If you need space only between numbers (and not after the last or before the first too), you might do:

template <std::size_t... Is>
void print_seq(std::index_sequence<Is...>)
{
    const char* sep = "";
    (((std::cout << sep << Is), sep = " "), ...);
}

Demo

(It is similar to my "runtime version") for regular containers with for-loop.

Answer 2

you can that

#include <iostream>

template<typename T>
struct Facility
{
template<T head,T ... list>
struct List
{
    static void print()
    {
     std::cout<<"\"" << head;
     ((std::cout << " " << list), ...);
      std::cout<<"\"";
    }
};
};

template<int ... intlist>
using IntList = typename Facility<int>::List<intlist...>;
int main()
{
 using List1 = IntList<1,2,3,4>;
 List1::print();
}

the fold expression ((std::cout << " " << list), ...) will expands to ((std::cout << " " << list1), (std::cout << " " << list2), (std::cout << " " << list3)...)

Answer 3

In general, you use recursion for tasks like this.

You have to define what happens when there are 2 or more and 1 elements in the list and recursively fall back to those definitions:

template <int ...> struct List;
template <int First, int Second, int ... More> struct List {
    static void print() {
        std::cout << First << " ";
        List<Second, More ...>::print();
    }
};
template <int Last> struct List {
    static void print() {
        std::cout << Last;
    }
};

Answer 4

You can reuse print() to achieve this behaviour. Afterall you are doing a fold operation which is by definition resursive.

Live Demo

template<T head,T ... rest_of_pack>

struct List<head , rest_of_pack...>
{
    static void print_()
    {
     std::cout<<head<<" ";
     List<rest_of_pack...>::print();

    }
};

If you want to process many elements this way you might run into problems with template depth (gcc for instance has a limit of 900). Lucky for you you can use the -ftemplate-depth= option to tweak this behaviour.

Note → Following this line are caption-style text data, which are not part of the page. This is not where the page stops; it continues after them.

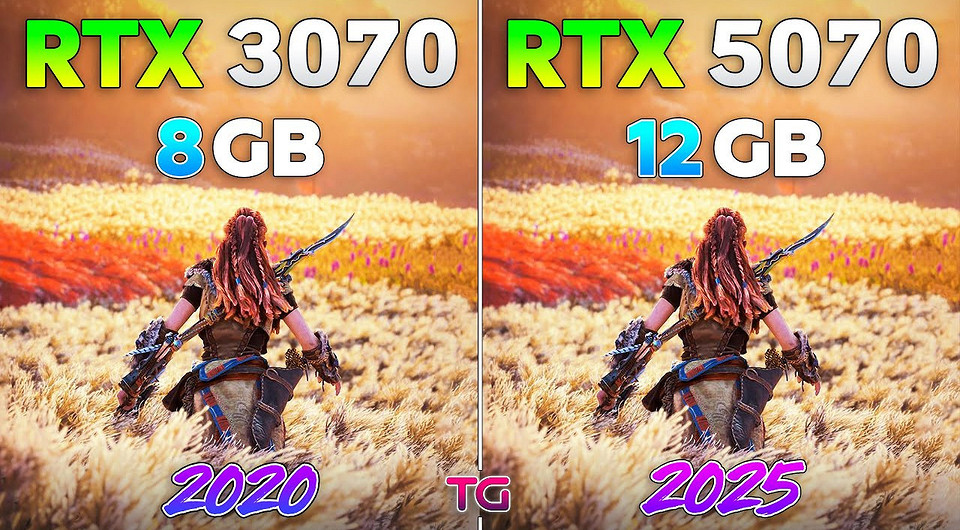 Что изменилось за 5 лет? Видеокарты GeForce RTX 3070 и GeForce RTX 5070 сравнили в ААА-хитах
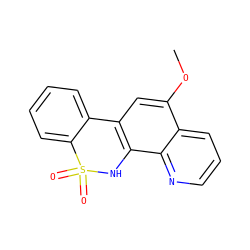COc1cc2c(c3ncccc13)NS(=O)(=O)c1ccccc1-2 ZINC000205635378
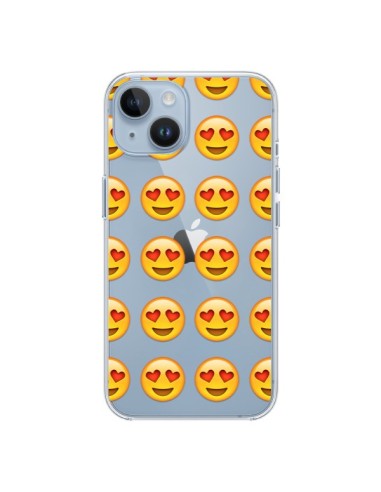 Cover iPhone 14 Amore Sorriso Emoji Trasparente - Laetitia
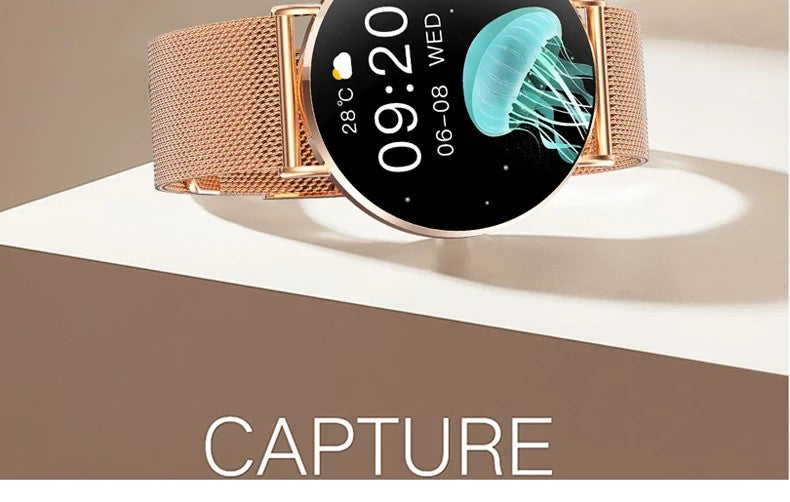 LWT KM88 Ultra Thin Calorie Tracker Smart Watch For Women, Purple Aluminum Alloy Watch With AMOLED Screen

You can compile with -ftemplate-depth=100000 and make it work. Note that compilation time will skyrocket (most likely) or in thhe worst case you run out of memory.

Answer 5

Not perfectly aligned with the question but I think may be useful putting here a solution based on fold expressions that generates a string from string-like arguments that should minimize dynamic memory allocations:

#include <iostream>
#include <concepts> // std::convertible_to
#include <string>
#include <string_view>
using namespace std::literals;

template<std::convertible_to<std::string_view>... Args>
[[nodiscard]] std::string mystrconcat(Args&&... args)
{
    std::string s;
    const std::size_t totsiz = sizeof...(args) + (std::size(args) + ...);
    s.reserve(totsiz);
    ((s+=args, s+=' '), ...);
    if(!s.empty()) s.resize(s.size()-1); // Get rid of the trailing delimiter?
    return s;
}

int main()
{
    std::cout << '\"' << mystrconcat("aa"s,"bb"sv,"ccc") << '\"' << '\n';
}